This was encouraging news to Josh.
Although Monti urged the Sleepers to stay and rest, Josh shook his head, saying, “No, chief, we must go now to the Land of the Centaurs.”
They stayed one more day only. Then, carrying as much dried food in their packs as they could walk with, they were led out, once again, by Beorn.
A vicious snowstorm delayed them, but Beorn promised, “Three more days, and no more snow.”
“That’ll be a relief,” Josh said, and the others heartily agreed.
Reb had been sullen and angry with Beorn ever since their scuffle. But as they tramped along the next day, Beorn suddenly turned to him and said, “You would make a good dwarf.”

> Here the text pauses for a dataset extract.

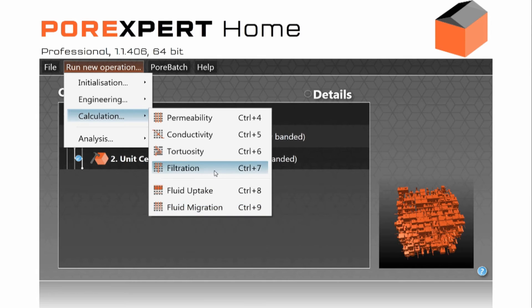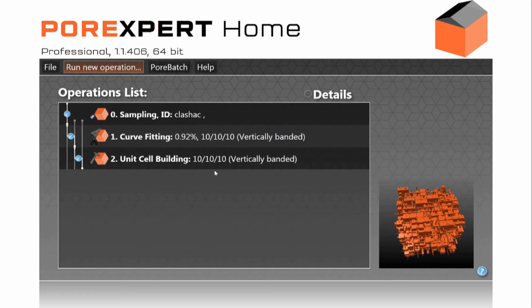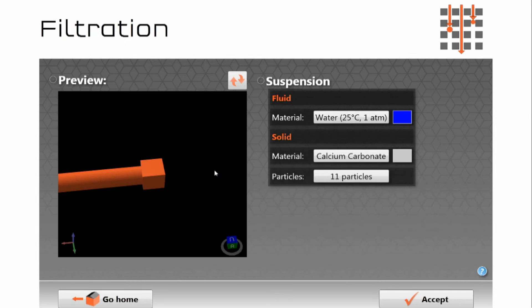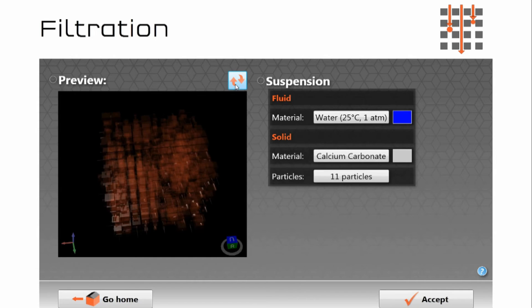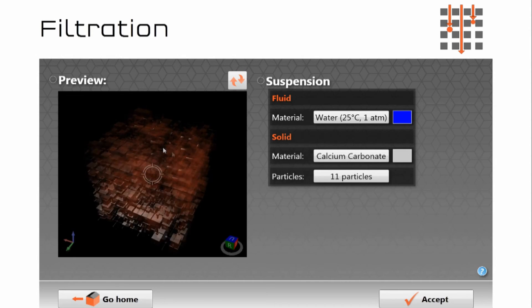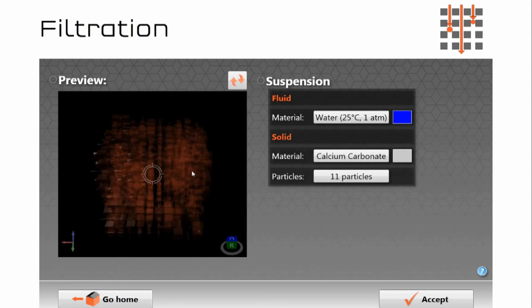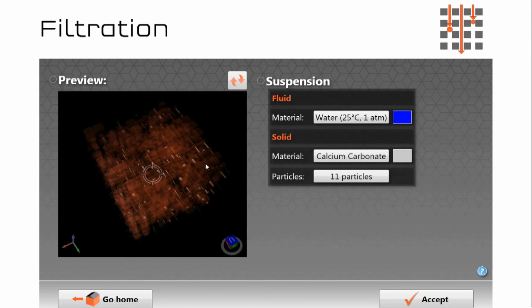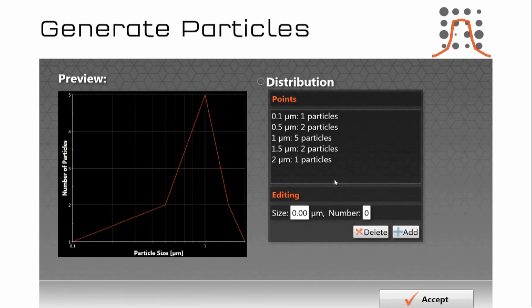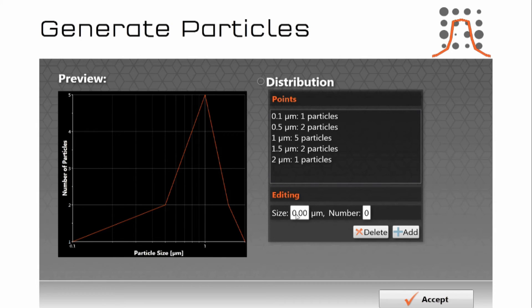So here we have a sample. I'll just refresh that so you can see the entire sample. So there is the structure and here is the particle size distribution which we can see. So this is just a default distribution. I'm going to add some larger particles into it now.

Reb stared at him. “I’d rather be anything than a dwarf.”
“You’re a tough man. I take back what I said about you,” Beorn said. “I admire courage and toughness. All dwarfs honor those things.” Then Beorn turned and walked away.

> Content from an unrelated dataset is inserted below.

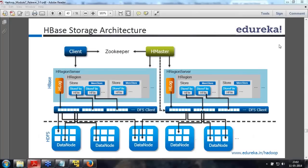We are through with module 6. Today we are going to talk about the architecture of HBase.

Reb looked at Abbey. “What do you think of that?”
“I think he was making some kind of an apology.”
“It’s the first kind word he’s said to anybody. I didn’t know he had it in him.”

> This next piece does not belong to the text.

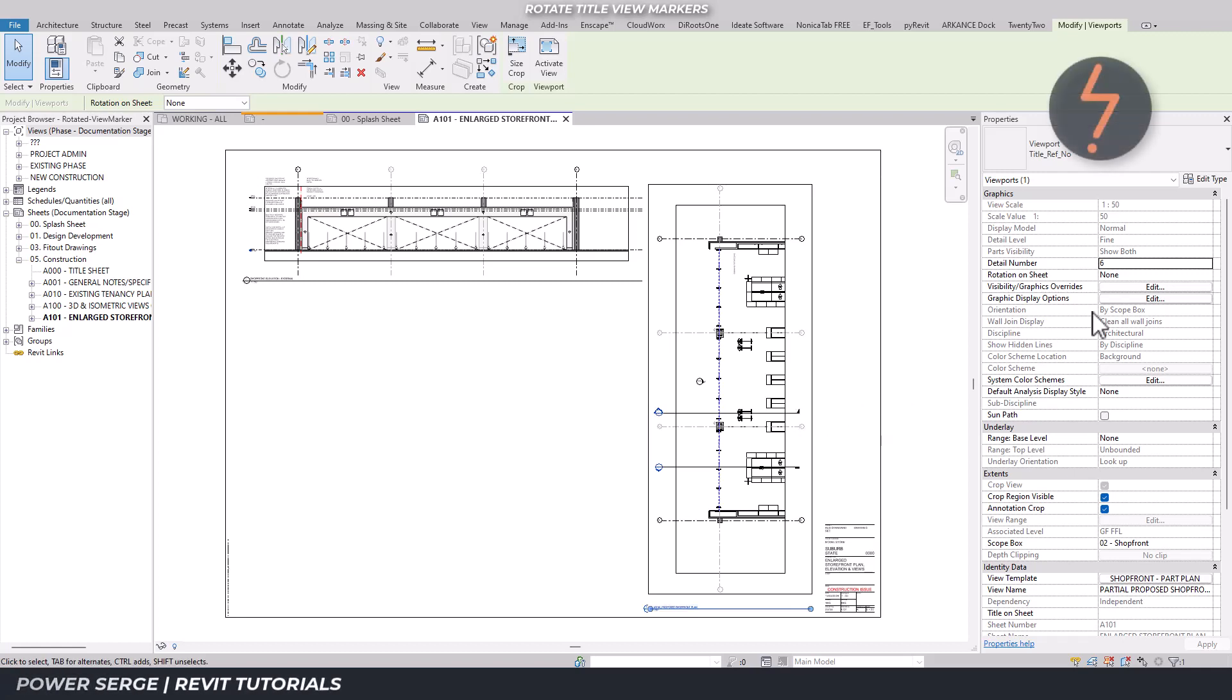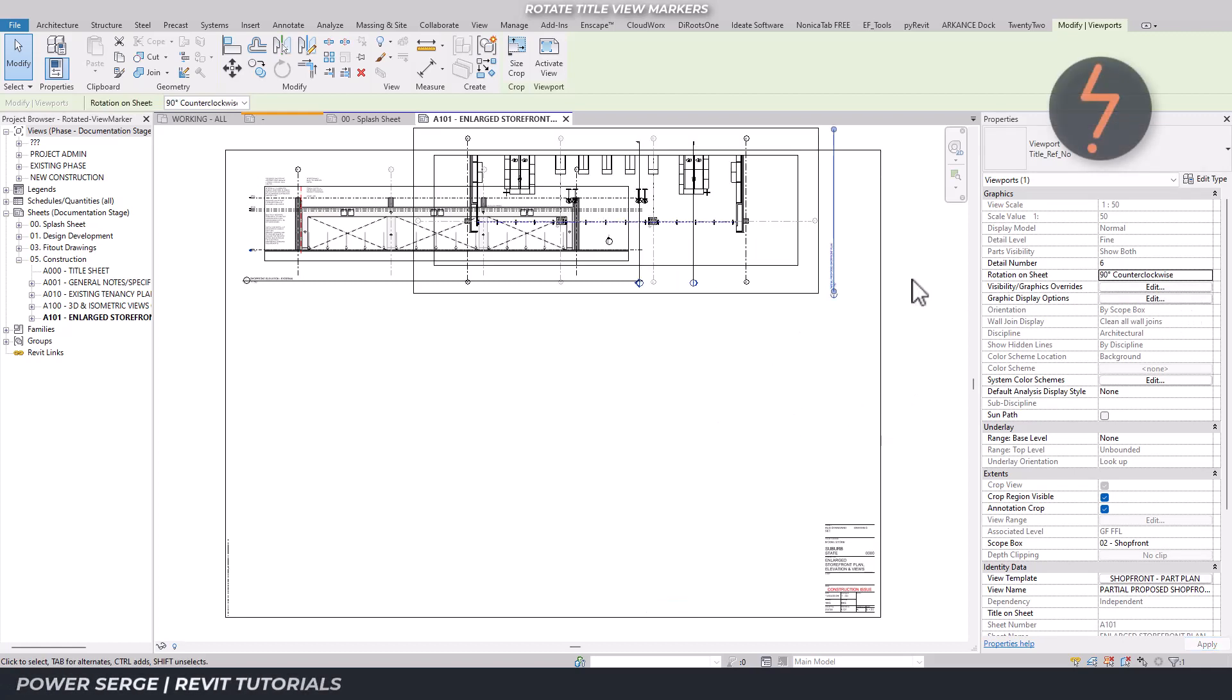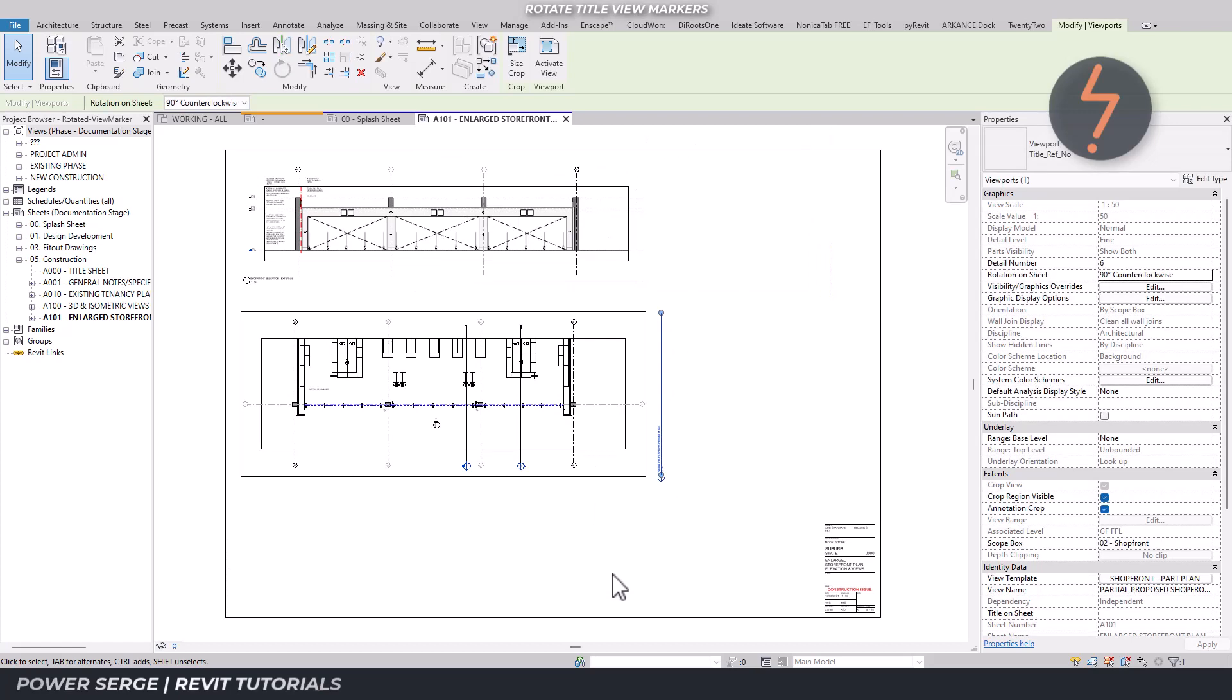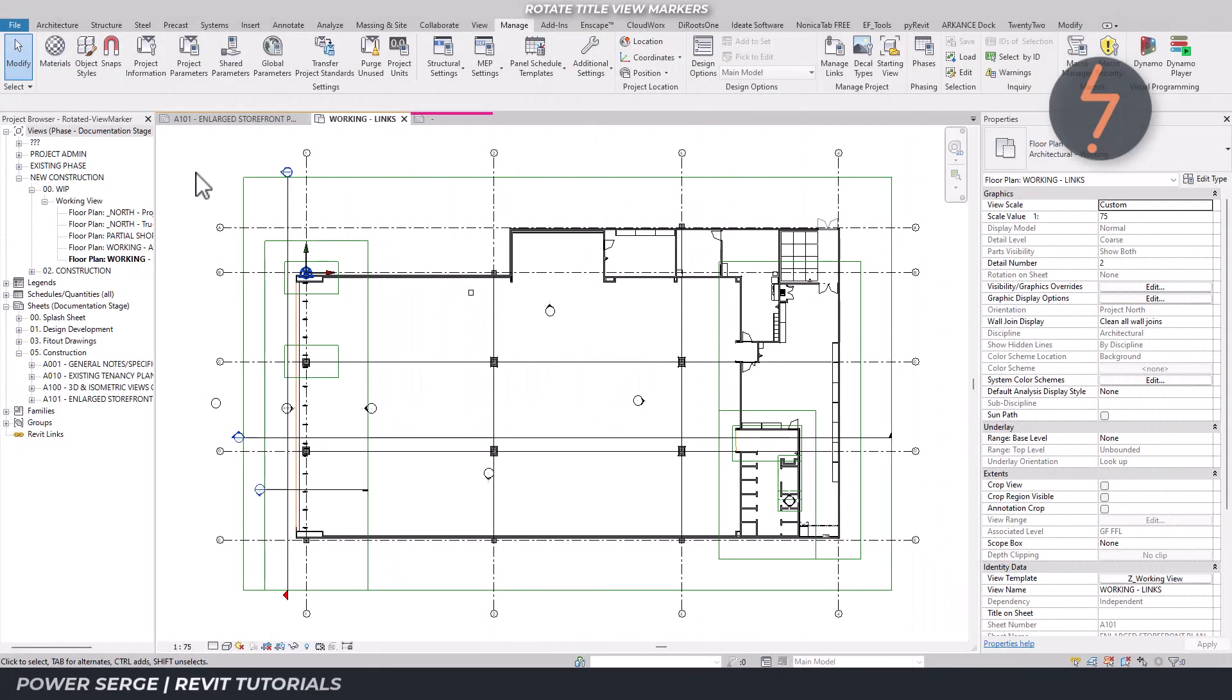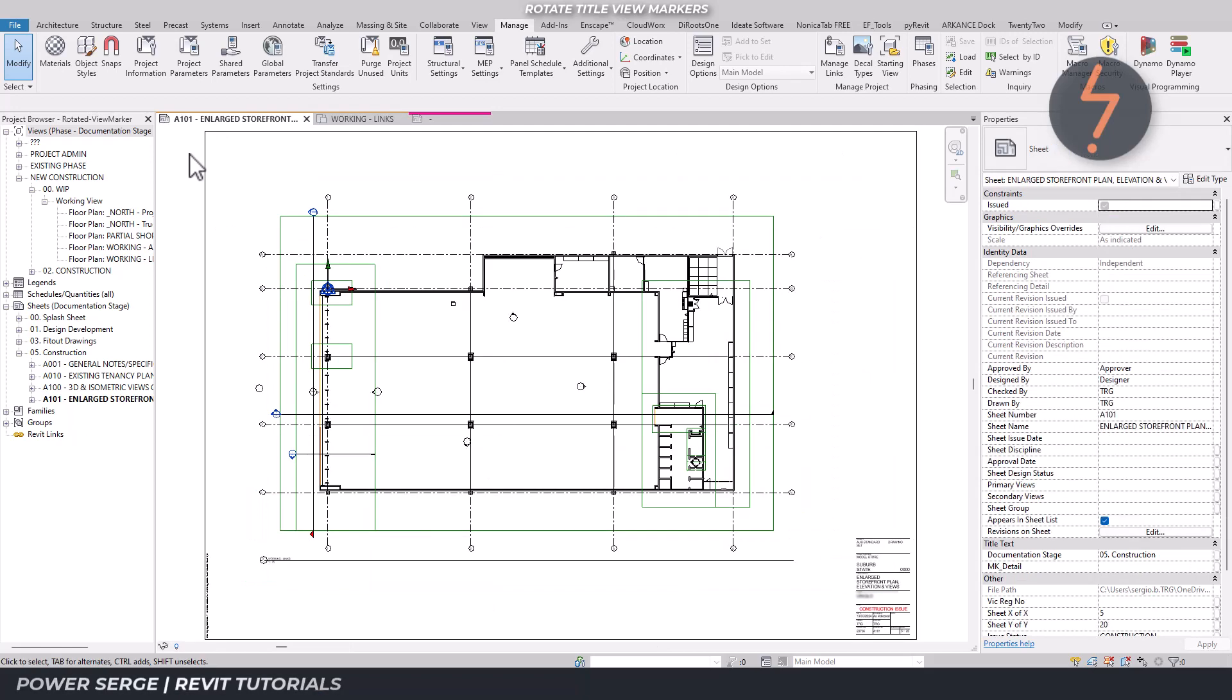Have you ever rotated viewports? The viewmarker rotates as well. Most projects like this example are laid out horizontally. This works well when placed on a typical sheet which is also horizontal.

“I think the dwarfs are just like that. They’re probably warm and loving to each other.”
“I doubt that.” Reb grinned. “I bet that in their courtship the men and women beat up on each other with sticks.”
“You’re impossible, Reb! There’s not a romantic bone in your body.”
“Well, you’ve got enough romantic bones for the whole crew.” He felt better, however, and later told Josh, “I guess the dwarf is all right. Just a little bit hard to get to know.”
“He’s tough enough, that’s for sure. And that’s a good thing for us.”
Half an hour later, Josh found out exactly how tough Beorn was. They were trudging along through light snow when suddenly, out of nowhere, a monstrous white form rose up. The only color he saw was the red roof of its gaping mouth.
“Polar bear!” Josh screamed. He fumbled with numb hands for the sword at his side. We’re dead this time! he thought, knowing that a puny sword would never stop that monster. But he managed to cry, “Weapons out!”
All of them pulled their swords, and Glori fumbled for the bow strapped to her back. They watched open-mouthed as the bear pounded toward them. It was at least twice as big as any Oldworld bear. Its beady black eyes gleamed.
He must weigh a thousand pounds! Josh thought with astonishment. He was running forward, sword at the ready, but he still feared that the mighty creature would not be slowed by the sword of any man.
Crouched between the Sleepers and the bear, Beorn gripped his harpoon in both hands.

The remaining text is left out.